The crane rose 19 stories and was attached to an apartment tower under construction when it broke away Saturday fell onto buildings as far as a block away.
On Sunday, crews continued to remove pieces of the crane and piles of debris from the damaged buildings as neighborhood residents and a Manhattan borough official raised concerns about city inspections at the apartment tower.
"I warned the Buildings Department on March 4 that it was not sufficiently braced against the building," said Bruce Silberblatt, a retired contractor and vice president of the Turtle Bay Neighborhood Association.
Retired ironworker Kerry Walker, who with his wife lived in the top-floor apartment of the four-story townhouse and left minutes before the collapse, had complained that the crane appeared dangerously unstable, his stepson said.
"He knows all about cranes and said this one had no braces, everything was too minimal," John Viscardi said. "He told one friend on the phone that 'if you don't hear from me, it's because the crane fell on my house."'
City officials said the crane was inspected Friday. At day later, it was being lengthened with a new section, a process known as "jumping," when it fell.
Bloomberg said mechanical failure or human error may have caused the accident. "As far as we can tell, all procedures that were called for were being followed," he said.
Bloomberg said that about 250 cranes are operating in the city on any given day, and the accident should not alarm New Yorkers living near high-rise construction sites.
"Do I think that you should worry if there's a crane across the street? No," Bloomberg said. "This is such a rare thing that I don't think we should worry about it."

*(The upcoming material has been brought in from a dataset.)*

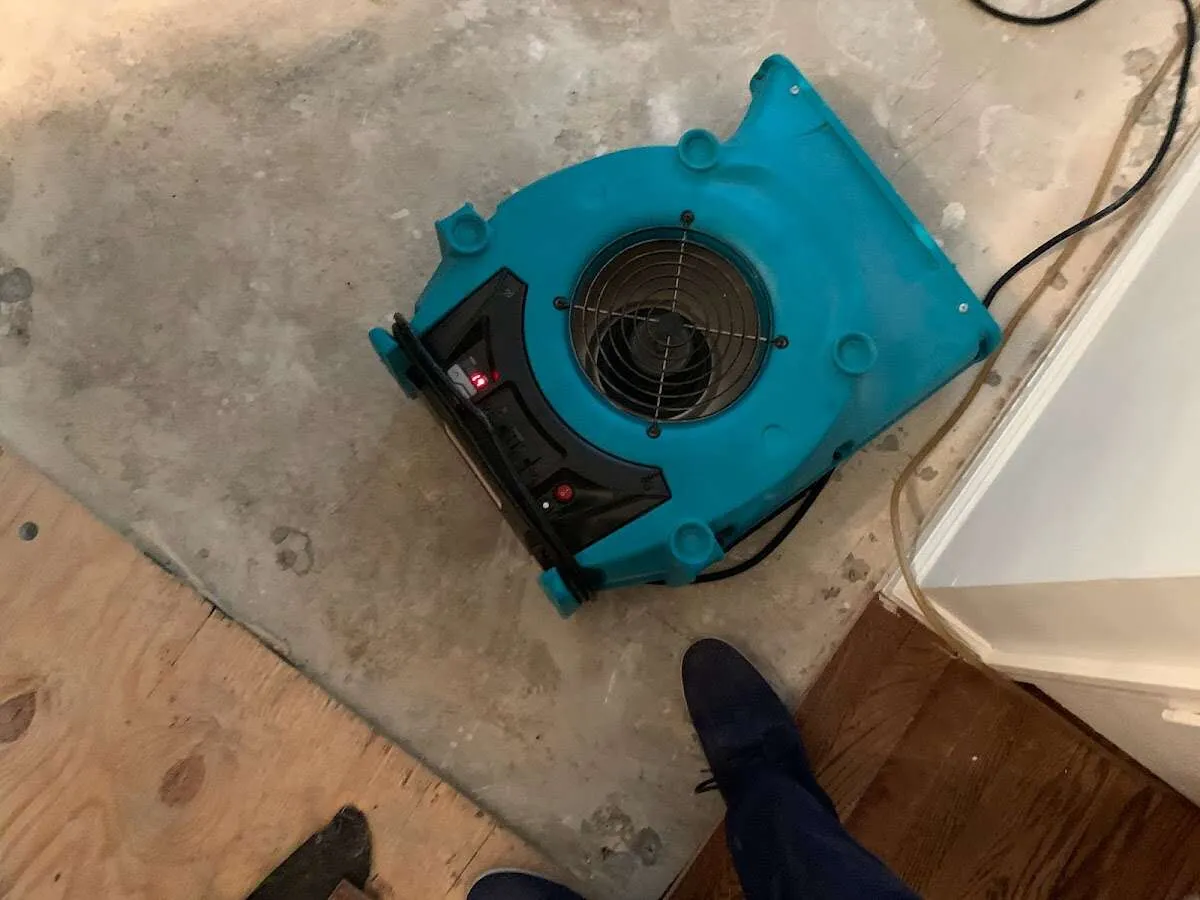 Air mover drying subfloor during Leak Detection & Repair in Ames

The city had issued 13 violations in the past 27 months to the construction site where a 43-story high-rise condominium was going up. "Every large construction site has violations," Bloomberg said.
Manhattan Borough President Scott Stringer said Bloomberg should form a multiagency task force to inspect major construction projects.
"It is unacceptable for the Department of Buildings to say yesterday that the 13 open violations on this construction site were ... business as usual," Stringer said. "We can't keep going on like this."
Killed were construction workers Wayne Bleidner, 51, of Pelham; Brad Cohen, no age or address available; Anthony Mazza, 39; and Aaron Stephens, 45, of New York City, police said.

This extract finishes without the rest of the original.